● **Problem statement**:
Data follows below. Repeat exactly the lines between the line holding "And Garden Decoration" and the line holding "Snowy Forest Village Canvas Afdruk", inclusive, and nothing more; drop pictures.

● **Data supplied**:
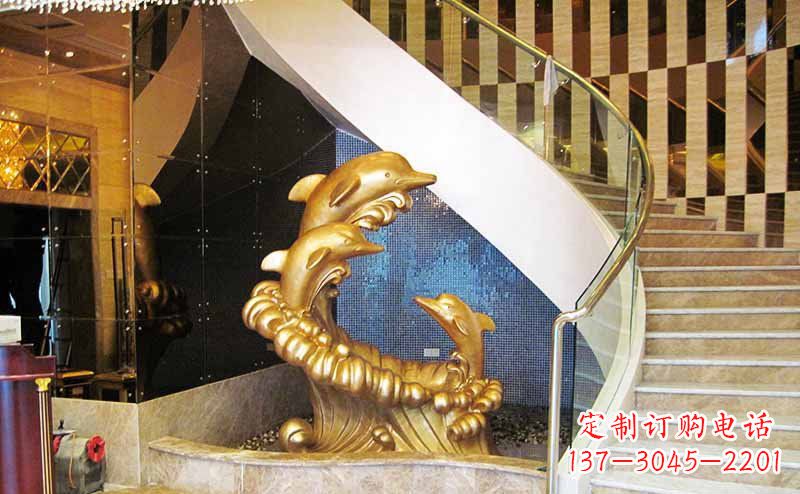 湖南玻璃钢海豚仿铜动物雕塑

--

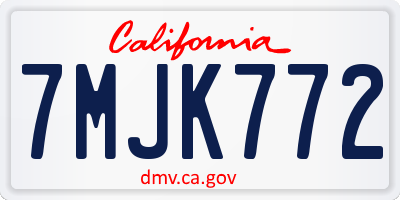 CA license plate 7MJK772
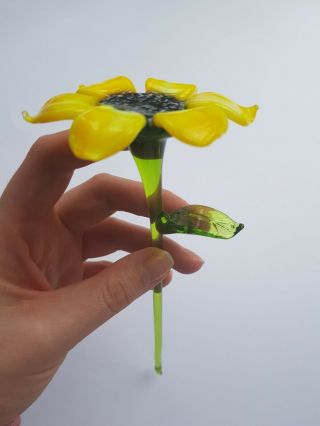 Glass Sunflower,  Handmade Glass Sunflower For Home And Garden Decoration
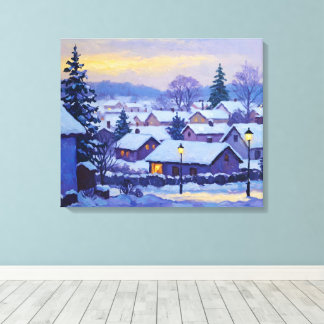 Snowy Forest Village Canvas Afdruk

==

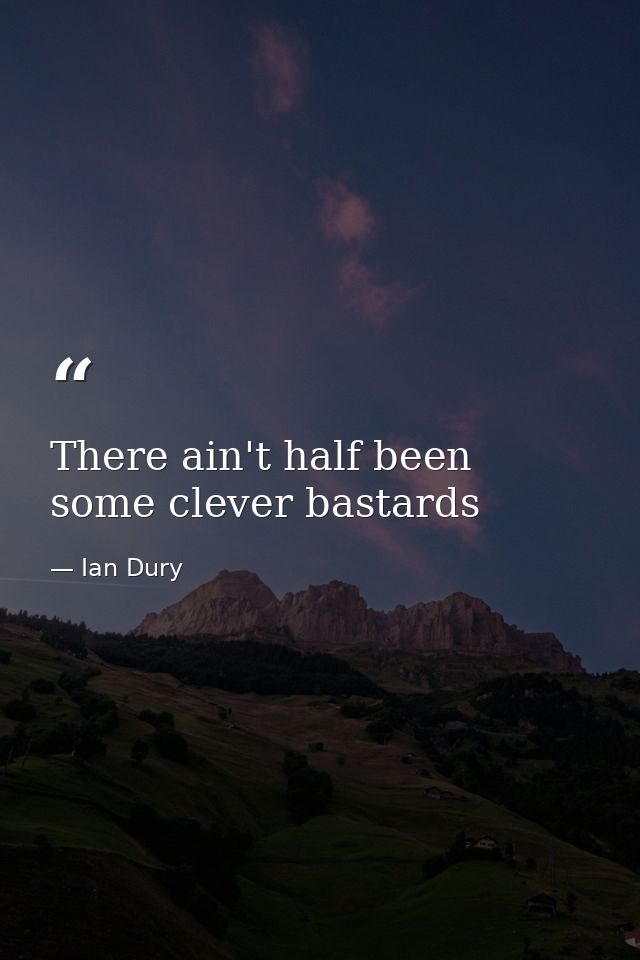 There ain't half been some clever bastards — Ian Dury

● **Solution to this problem**:
 Glass Sunflower,  Handmade Glass Sunflower For Home And Garden Decoration
 Snowy Forest Village Canvas Afdruk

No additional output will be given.